The NYPD's richest detective, Conrad Voort, 29-year-old heir to an historic family name and fortune, doesn't at first see how the murders are related. He's mired in a doomed relationship of his own, with TV news producer Camilla Ryan, who happens to be one of Dr. Bainbridge's patients but definitely not a member of his Broken Hearts Club. Camilla also races kayaks for fun and exercise, so you know that some kind of water-based action scene featuring a kayak is bound to occur.

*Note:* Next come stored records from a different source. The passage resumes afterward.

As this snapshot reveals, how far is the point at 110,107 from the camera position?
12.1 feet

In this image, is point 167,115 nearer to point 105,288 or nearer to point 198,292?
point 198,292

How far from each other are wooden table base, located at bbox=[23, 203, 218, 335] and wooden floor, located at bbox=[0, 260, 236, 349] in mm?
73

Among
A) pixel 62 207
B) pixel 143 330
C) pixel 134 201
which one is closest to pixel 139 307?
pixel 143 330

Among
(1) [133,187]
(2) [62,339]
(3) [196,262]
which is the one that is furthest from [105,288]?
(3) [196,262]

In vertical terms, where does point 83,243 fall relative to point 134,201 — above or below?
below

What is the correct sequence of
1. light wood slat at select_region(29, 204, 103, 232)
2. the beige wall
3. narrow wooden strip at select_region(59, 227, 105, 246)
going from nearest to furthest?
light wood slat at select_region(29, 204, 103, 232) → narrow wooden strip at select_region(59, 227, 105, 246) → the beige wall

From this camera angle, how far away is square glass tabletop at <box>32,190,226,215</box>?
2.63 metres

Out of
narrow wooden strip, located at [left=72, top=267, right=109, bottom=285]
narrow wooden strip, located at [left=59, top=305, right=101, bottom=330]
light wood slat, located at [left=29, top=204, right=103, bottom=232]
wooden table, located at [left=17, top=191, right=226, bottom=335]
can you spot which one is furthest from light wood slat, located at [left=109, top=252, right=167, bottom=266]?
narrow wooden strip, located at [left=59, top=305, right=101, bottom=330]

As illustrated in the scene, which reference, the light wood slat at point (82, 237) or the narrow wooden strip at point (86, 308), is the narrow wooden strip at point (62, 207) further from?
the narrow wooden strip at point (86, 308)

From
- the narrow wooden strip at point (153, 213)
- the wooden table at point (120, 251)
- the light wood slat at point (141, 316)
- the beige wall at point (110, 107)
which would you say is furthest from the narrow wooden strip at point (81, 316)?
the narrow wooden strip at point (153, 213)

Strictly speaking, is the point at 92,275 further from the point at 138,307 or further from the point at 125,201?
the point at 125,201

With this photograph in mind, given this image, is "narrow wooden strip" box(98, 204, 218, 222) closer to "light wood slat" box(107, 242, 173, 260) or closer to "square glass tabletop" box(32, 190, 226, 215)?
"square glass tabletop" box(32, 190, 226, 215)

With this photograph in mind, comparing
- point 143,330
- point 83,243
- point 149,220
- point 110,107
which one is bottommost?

Black plays tricks and takes liberties (Voort resembles John Sandford's Lucas Davenport, another rich detective), but he has the sense to let readers arrive at conclusions at their own pace. It's only after the last page that most of them will find themselves thinking back to scenes of Club meetings and asking, "But why...?" and, "But who...?" --Dick Adler
From Publishers Weekly
This well-paced psycho-thriller debut about a group of lovelorn New York City men manages to transcend occasionally awkward prose on the strength of journalist Black's unusual ability to arouse an emotional response. The Broken Hearts Club (whose members include the Banker, the Mechanic, the Agent and the Reluctant Patient, who never shows up) is a therapy group of rejected suitors that meets each Thursday in the back room of a tavern overlooking the West Side Highway, facilitated by psychologist Dr. Ian Bainbridge, who collects case histories to use in articles that enhance his professional standing. The processing of their unresolved rage plays out in the brutal murder of The Banker's former mistress. Meanwhile, the idyllic affair of NYPD's richest cop, detective Conrad Voort, with the beautiful, erotic Camilla Ryan, suddenly falls apart. As the "BHC" murders continue, a hotline call from an "anonymous" doctor directs Voort to investigate The Banker. But after a promising start, the trail seems to vanish into thin air. Time after time, other heartening clues lead to a dead end. When Camilla wrongly accuses Voort of stalking her, the paradoxical trail leads back to Bainbridge, and the fiendish machinations among the characters force a so-so denouement. Black fashions some terrific dialogue and keeps the scenes rolling in punchy succession. The iconoclastic Voort could well augur the advent of a sexy, savvy, highly charismatic new icon in popular crime fiction, if Black pays better attention to crafting. Major ad/promo; Literary Guild, Doubleday Book Club, Mystery Guild selections.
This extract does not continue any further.